=== How to complete this task ===
Only the closing portion of the entries is to be reproduced: the line containing "Marks and Spencer" through the very last line, exactly as written.
--- Data shown Enclosed Below ---
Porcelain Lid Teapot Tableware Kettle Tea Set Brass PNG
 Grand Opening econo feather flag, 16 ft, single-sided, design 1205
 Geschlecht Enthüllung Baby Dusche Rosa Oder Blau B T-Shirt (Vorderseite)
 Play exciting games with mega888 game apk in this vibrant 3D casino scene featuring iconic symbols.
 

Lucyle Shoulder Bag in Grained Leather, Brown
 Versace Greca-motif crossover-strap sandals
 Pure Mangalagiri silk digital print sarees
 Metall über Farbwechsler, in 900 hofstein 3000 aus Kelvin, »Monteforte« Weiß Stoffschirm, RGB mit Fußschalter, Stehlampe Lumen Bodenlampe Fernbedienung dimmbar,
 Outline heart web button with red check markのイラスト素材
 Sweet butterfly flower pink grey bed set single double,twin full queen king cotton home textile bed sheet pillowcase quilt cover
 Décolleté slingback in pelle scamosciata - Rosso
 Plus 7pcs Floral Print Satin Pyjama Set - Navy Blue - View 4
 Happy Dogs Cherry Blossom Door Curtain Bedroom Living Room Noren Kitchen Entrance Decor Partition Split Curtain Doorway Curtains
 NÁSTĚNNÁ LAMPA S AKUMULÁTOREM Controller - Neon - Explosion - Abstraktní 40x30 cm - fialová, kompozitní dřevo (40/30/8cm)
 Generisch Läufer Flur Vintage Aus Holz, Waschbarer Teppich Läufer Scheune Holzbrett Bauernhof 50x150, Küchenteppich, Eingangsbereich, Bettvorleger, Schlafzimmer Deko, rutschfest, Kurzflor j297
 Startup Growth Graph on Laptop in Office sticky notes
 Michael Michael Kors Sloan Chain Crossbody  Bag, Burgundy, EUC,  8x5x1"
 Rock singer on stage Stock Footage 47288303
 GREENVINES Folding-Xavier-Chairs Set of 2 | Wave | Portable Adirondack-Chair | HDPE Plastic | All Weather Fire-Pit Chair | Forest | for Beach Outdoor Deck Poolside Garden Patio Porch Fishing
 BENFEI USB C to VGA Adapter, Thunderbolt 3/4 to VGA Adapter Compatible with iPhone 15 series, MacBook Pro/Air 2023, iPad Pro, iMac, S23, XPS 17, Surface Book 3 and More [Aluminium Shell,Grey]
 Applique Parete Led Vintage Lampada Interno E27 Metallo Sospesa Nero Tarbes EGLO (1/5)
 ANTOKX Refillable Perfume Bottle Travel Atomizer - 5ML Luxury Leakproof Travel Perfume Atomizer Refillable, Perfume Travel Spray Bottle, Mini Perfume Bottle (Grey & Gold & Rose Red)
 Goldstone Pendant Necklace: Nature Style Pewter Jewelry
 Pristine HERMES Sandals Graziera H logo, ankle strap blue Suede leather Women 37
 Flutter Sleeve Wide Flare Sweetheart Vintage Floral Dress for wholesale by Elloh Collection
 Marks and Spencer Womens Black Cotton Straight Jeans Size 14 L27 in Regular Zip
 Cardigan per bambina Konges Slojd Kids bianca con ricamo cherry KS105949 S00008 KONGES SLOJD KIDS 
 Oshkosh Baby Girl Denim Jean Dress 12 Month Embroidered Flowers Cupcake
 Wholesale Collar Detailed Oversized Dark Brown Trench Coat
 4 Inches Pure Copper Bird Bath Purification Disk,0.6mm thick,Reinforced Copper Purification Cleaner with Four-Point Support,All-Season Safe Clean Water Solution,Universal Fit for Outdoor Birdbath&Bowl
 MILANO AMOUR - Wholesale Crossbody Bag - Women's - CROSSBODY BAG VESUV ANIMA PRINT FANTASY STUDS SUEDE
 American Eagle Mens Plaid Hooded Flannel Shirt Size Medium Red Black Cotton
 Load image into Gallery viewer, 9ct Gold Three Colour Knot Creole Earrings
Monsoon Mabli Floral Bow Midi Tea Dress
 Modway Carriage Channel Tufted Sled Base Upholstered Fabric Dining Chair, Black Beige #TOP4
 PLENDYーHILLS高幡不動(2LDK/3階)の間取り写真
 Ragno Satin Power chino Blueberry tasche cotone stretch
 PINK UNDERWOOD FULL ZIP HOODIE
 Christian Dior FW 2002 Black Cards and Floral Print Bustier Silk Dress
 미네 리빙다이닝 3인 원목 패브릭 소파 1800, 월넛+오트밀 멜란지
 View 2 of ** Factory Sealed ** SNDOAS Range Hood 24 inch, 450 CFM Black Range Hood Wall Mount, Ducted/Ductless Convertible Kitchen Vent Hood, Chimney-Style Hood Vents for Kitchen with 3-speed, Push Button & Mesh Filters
--- End of Enclosed Data shown ---
=== Task result ===
 Marks and Spencer Womens Black Cotton Straight Jeans Size 14 L27 in Regular Zip
 Cardigan per bambina Konges Slojd Kids bianca con ricamo cherry KS105949 S00008 KONGES SLOJD KIDS 
 Oshkosh Baby Girl Denim Jean Dress 12 Month Embroidered Flowers Cupcake
 Wholesale Collar Detailed Oversized Dark Brown Trench Coat
 4 Inches Pure Copper Bird Bath Purification Disk,0.6mm thick,Reinforced Copper Purification Cleaner with Four-Point Support,All-Season Safe Clean Water Solution,Universal Fit for Outdoor Birdbath&Bowl
 MILANO AMOUR - Wholesale Crossbody Bag - Women's - CROSSBODY BAG VESUV ANIMA PRINT FANTASY STUDS SUEDE
 American Eagle Mens Plaid Hooded Flannel Shirt Size Medium Red Black Cotton
 Load image into Gallery viewer, 9ct Gold Three Colour Knot Creole Earrings
Monsoon Mabli Floral Bow Midi Tea Dress
 Modway Carriage Channel Tufted Sled Base Upholstered Fabric Dining Chair, Black Beige #TOP4
 PLENDYーHILLS高幡不動(2LDK/3階)の間取り写真
 Ragno Satin Power chino Blueberry tasche cotone stretch
 PINK UNDERWOOD FULL ZIP HOODIE
 Christian Dior FW 2002 Black Cards and Floral Print Bustier Silk Dress
 미네 리빙다이닝 3인 원목 패브릭 소파 1800, 월넛+오트밀 멜란지
 View 2 of ** Factory Sealed ** SNDOAS Range Hood 24 inch, 450 CFM Black Range Hood Wall Mount, Ducted/Ductless Convertible Kitchen Vent Hood, Chimney-Style Hood Vents for Kitchen with 3-speed, Push Button & Mesh Filters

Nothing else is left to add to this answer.